Por tanto, ¿pueden ir los de izquierda a un restaurante caro? Izquierda es una palabra que puede significar cualquier cosa, pero yo diría que sí, que deben, siempre que lo deseen, como todo el mundo. Entonces, ¿por qué se critica a Monedero y a Rufián? Pues depende, hay dos críticas diferentes. Una genuina, la de las personas que se sienten identificadas con su ideología, y otra irónica, la de sus opositores. En cuanto a personas, tanto da lo que hagan con sus vidas, pero en cuanto a políticos no. Ambos desean el comunismo y desprecian el capitalismo. En el comunismo, si se aplica, desaparece el comercio libre, no existe el dinero y, en consecuencia, no hay restaurantes caros. No hace falta explicar esto. Aun si solo gustasen del socialismo, también estarían apoyando una idea bajo la que no cabe el libre comercio ni los restaurantes caros, por definición. Obviamente, las palabras comunismo y socialismo no las utilizan, porque saben que están asociadas a miseria, dictadura, hambre y asesinatos, y no por casualidad. Pero las bases de su pensamiento nacen de ahí. Y, en tanto que son políticos, dicen representar a la gente que les vota. Ambas cosas juntas dan pie a los dos tipos de críticas.

La genuina, la de las personas que sienten en sus carnes la ideología comunista o socialista, es legítima. Están de acuerdo con sus presupuestos y no aceptan que haya restaurantes diferentes para unos y otros, nada que no puedan disfrutar todos los ciudadanos con igualdad. Para que haya restaurantes caros tiene que haber baratos, y eso no puede ser: todos iguales, accesibles para cualquiera, planificados por el Estado o por comunidades cooperativas. Por tanto, desconfían de los políticos que no defienden sus ideas con el ejemplo, y los critican. Sospechan que no sienten sus valores con el corazón y que aprovechan su riqueza para vivir holgadamente, sin importarles «los de abajo.»

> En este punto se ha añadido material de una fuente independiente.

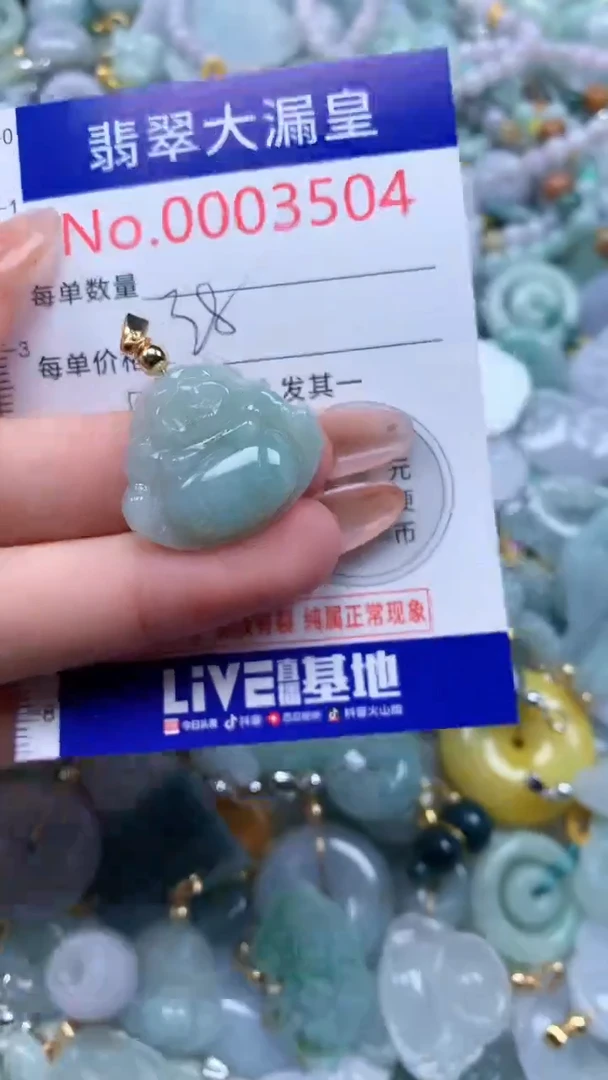 翡翠未镶嵌吊坠(不含链)3504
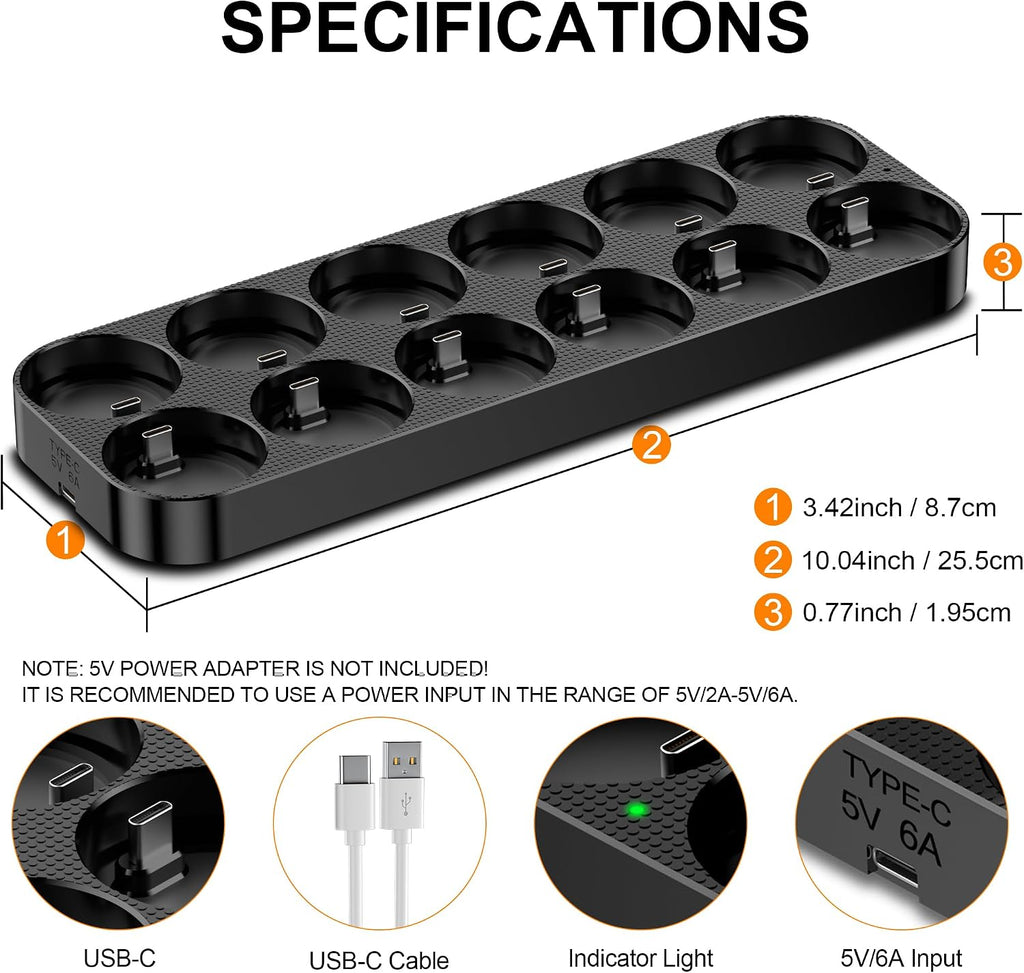 YiaMia USB-C Rechargeable Tea Lights with Charging Base 12 Pack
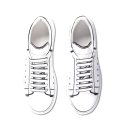 Alexander Mcqueen Oversized - White Black Outline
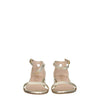 Stuart Weitzman Gold Leather Flat Sandals Stuart Weitzman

La otra, la irónica, es la de aquellos que pensamos que su ideología es contraria al progreso y al bienestar de los ciudadanos. Sospechamos desde el principio que los políticos que la defienden son actores de una farsa con la que alimentan las esperanzas de la gente con menos recursos, de cuya ingenuidad y buena fe abusan para adquirir poder y riqueza. Cuando vemos un gesto como este que lo pone en evidencia nos sonreímos y hacemos chanza. Se descuidan, de tanta vida holgada, y se les cae la mascarilla. Se les ve la sonrisa llena de mentiras, manchada del vino caro que costean los impuestos de los trabajadores.

Los políticos son lo que son, no hay que darle vueltas. Deberían ser… Ya, pero son lo que son: personas que prometen cosas para conseguir votos con los que vivir del trabajo ajeno. Los peores son los que fingen unas ideas que no tienen y mienten a la gente en la cara. Monedero y Rufián son solamente dos ejemplos insignificantes y despreciables.